11
responses

Has anyone succeed in sending .evt file content to graylog ?

Actually, I found that:

 - Using im_file module I can parse .evt file and send its content outside, but logs are bad formatted

 - Using im_vistalog module I can't parse .evt files only the Windows Event log, but logs are well formatted

Any advice someone ?

Maybe it is possible to send the ouput of im_file to im_vistalog ?

Thanks,
--
Mathieu

AskedJune 3, 2016 - 5:58pm

Answers (2)

.evt and .evtx files are in special binary format, collecting this with im_file will not work. The NXLog Enterprise Edition can read .evtx files directly with the im_msvistalog module.

Comments (5)

  • mathieurv's picture

    Thank you for your answer, I just give a try to the enterprise edition.

    Could you please help with the syntax ?

    I don't know where to put the path to the event log files.

  • mathieurv's picture

    Great, thank you for the answer.

    So now, when I write the full path to the log file it works OK:

    File C:\TMP\adtlog.20160529205605.evt

     

    But, I'm actually trying to use the wildcard character * in the file path, but no luck, the error is:

    I'm actually trying to use the wildcard character * in the file path with no luck, the error is:

    ERROR failed to subscribe to msvistalog events,the Query is invalid:  [error code: 123]

     

    I followed the documentation here : https://nxlog.co/docs/en/nxlog-reference-manual.html#im_file_config_file

    And saw that another guy had the same problem : https://nxlog.co/question/945/directory-wildcardsfollowing

     

    I tried the following with the wildcard * without success:

    File C:\TMP\\*.evt
    File C:\\TMP\\*.evt
    File "C:\\TMP\\\\*.evt"

     

    Could you please explain my mistake ?

    Best regards,

    Mathieu

  • adm's picture
    (NXLog)

    Wildcards are not supported by the File directive of im_msvistalog yet. If you have multiple files then you should define a new module instance for each file.

    Note that the File directive not intended as an eventlog monitoring facility as it cannot pick up newly added records either. This is only for the use-case when you have an evtx file that you want to parse once for audit/forensics purposes.

  • mathieurv's picture

    Hello thank you for the answer,

    Well my NetApp filer generates everday, 70 .evt files for a total of 20GB size, the name is generated automatically based on the date and the timestamp when a new file is created.

    My idea was to use make a script in order to copy the evt files into a temporary location where NXlog will parse those files and forward the logs to our Graylog server.

    Or to simply ask NXlog to parse the location where NetApp store the evt files for new files and use the RenameCheck, SavePos and ReadFromLast parameters to automate things.

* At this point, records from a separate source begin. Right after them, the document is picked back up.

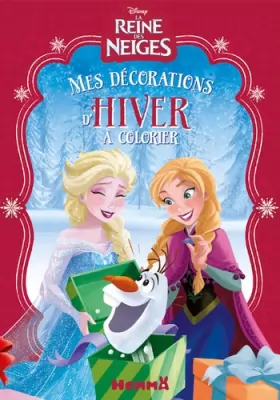 Couverture du produit · Disney La Reine des Neiges - Mes décorations d'hiver à colorier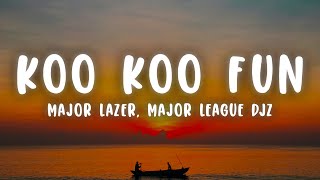 Major Lazer & Major League DJz - Koo Koo Fun (Lyrics) feat. Tiwa Savage and DJ Maphorisa Resimi
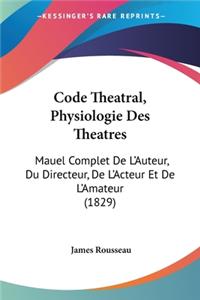 Code Theatral, Physiologie Des Theatres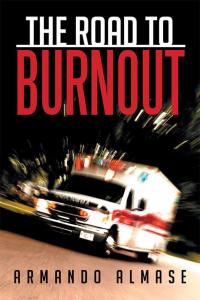 Cover image: The Road to Burnout 9781503537811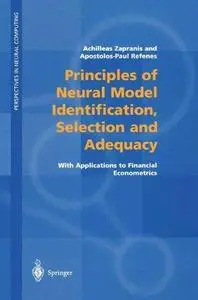 Principles of Neural Model Identification, Selection and Adequacy: With Applications to Financial Econometrics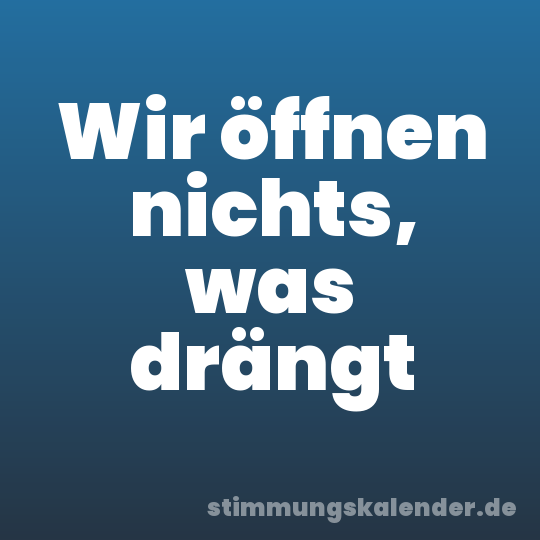 Wir öffnen nichts, was drängt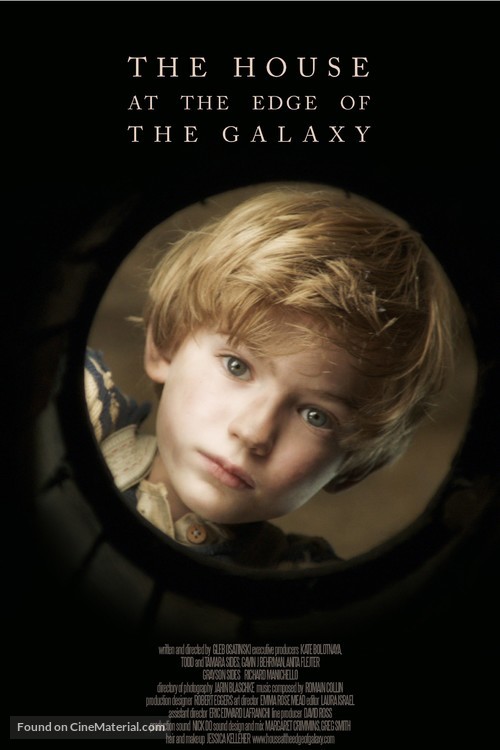 The House at the Edge of the Galaxy - Movie Poster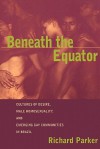 Beneath the Equator: Cultures of Desire, Male Homosexuality, and Emerging Gay Communities in Brazil - Richard G. Parker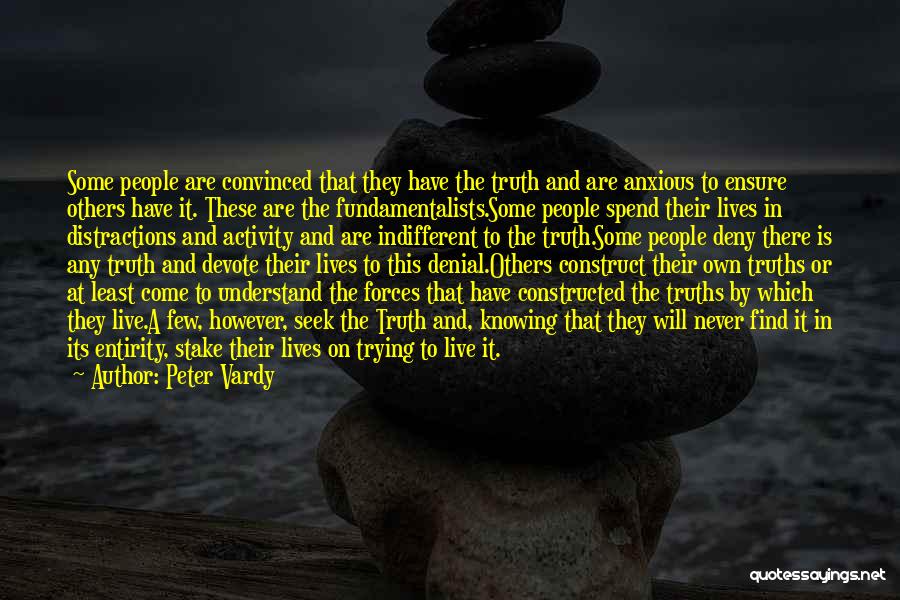 Truth And Denial Quotes By Peter Vardy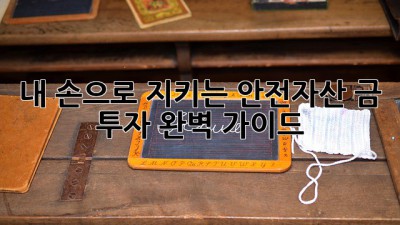 내 손으로 지키는 안전자산 금 투자 완벽 가이드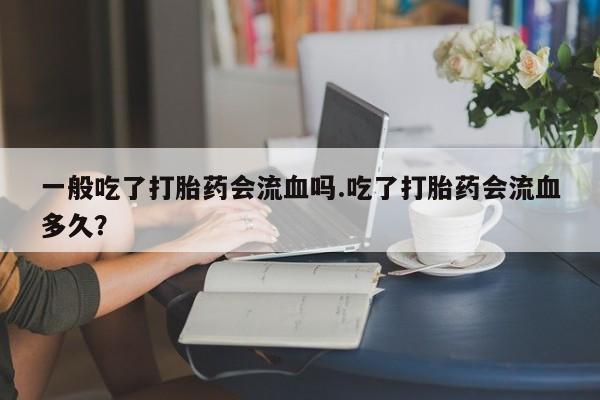 打胎药货到付款一般吃了打胎药会流血吗.吃了打胎药会流血多久？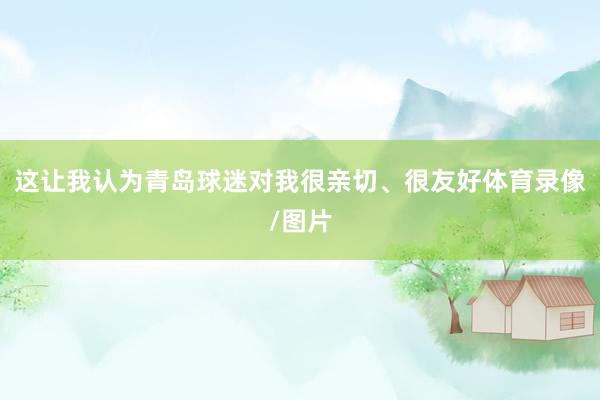 这让我认为青岛球迷对我很亲切、很友好体育录像/图片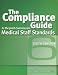 The Compliance Guide to the Joint Commission Medical Staff Standards, Sixth Edition
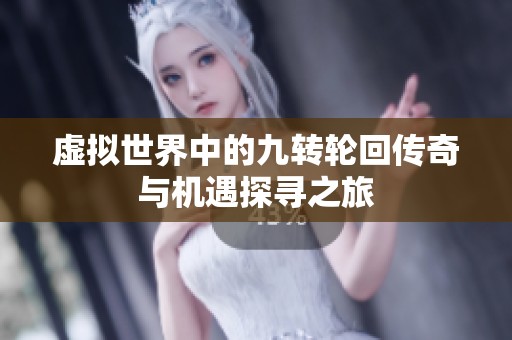 虚拟世界中的九转轮回传奇与机遇探寻之旅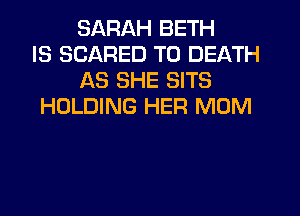 SARAH BETH
IS SCARED TO DEATH
AS SHE SITS
HOLDING HER MOM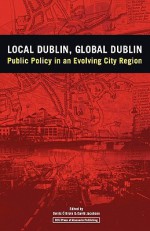 Local Dublin Global Dublin: Public Policy in an Evolving City Region - Deiric Broin, David Jacobson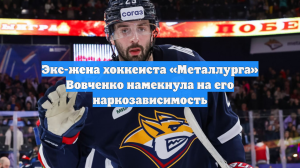 Экс-жена хоккеиста «Металлурга» Вовченко намекнула на его наркозависимость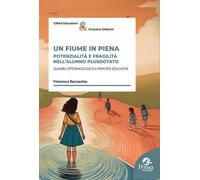 Libri Baccassino Francesca - Un Fiume In Piena. Potenzialita E Fragilita Nell'al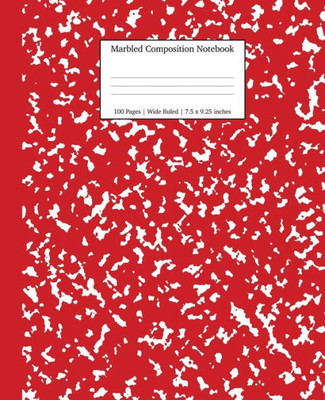 Marbled Composition Notebook : Red Marble Wide Ruled Paper Subject Book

    I understand that it s not possible for the moment.

    Thank you again.

     

There is no reason and no advantage to parse .evtx files directly.

Use Windows Event Viewer as the source of your data. NXLog is very powerfull to push reliable your events using flow control when needed.

You have just to set  retention period of Event Viewer's Source of interest to a reasonable value according to your requirements.

 

Comments (4)

  • mathieurv's picture

    Thank you bourazaniss for your comment, but, please note that my question is, "I need to read .evt or .evtx files, how can I do ?", it is not "Why I don't need to read .evt or .evtx files" ...

    You will find my case very useful the day you will have to audit the CIFS log files of a NetApp filer.

  • bourazaniss's picture

    Sorry if you found my answer aggressive. I did't want to sound like that. My point is that if you can use event viewer directly and this is working ok, what is the advantage you have reading evtx files directly and you have to stick with that?

  • mathieurv's picture

    Well you are right I should have explained my problem further.

    When you want to audit the CIFS accesses made on the shares of a NetApp filer, you configure it to create ".evt" files, and you have no access to the file using an event viewer, no RPC, no WMI, just the .evt files.

    So it is the reason why I have to ask NXLog to parse the evt files and inject the events to my graylog server.

    The explanation I gave about retrieving events from the event viewer were just here as a proof that my setup was correct.

  • Bergdolt Pierre's picture

    Hello,

     

    for the netapp audit log you can also configure it to generate xm file log. Then you can (relatively) easily parse theses files with nxlog using regular expression and then get processed by graylog.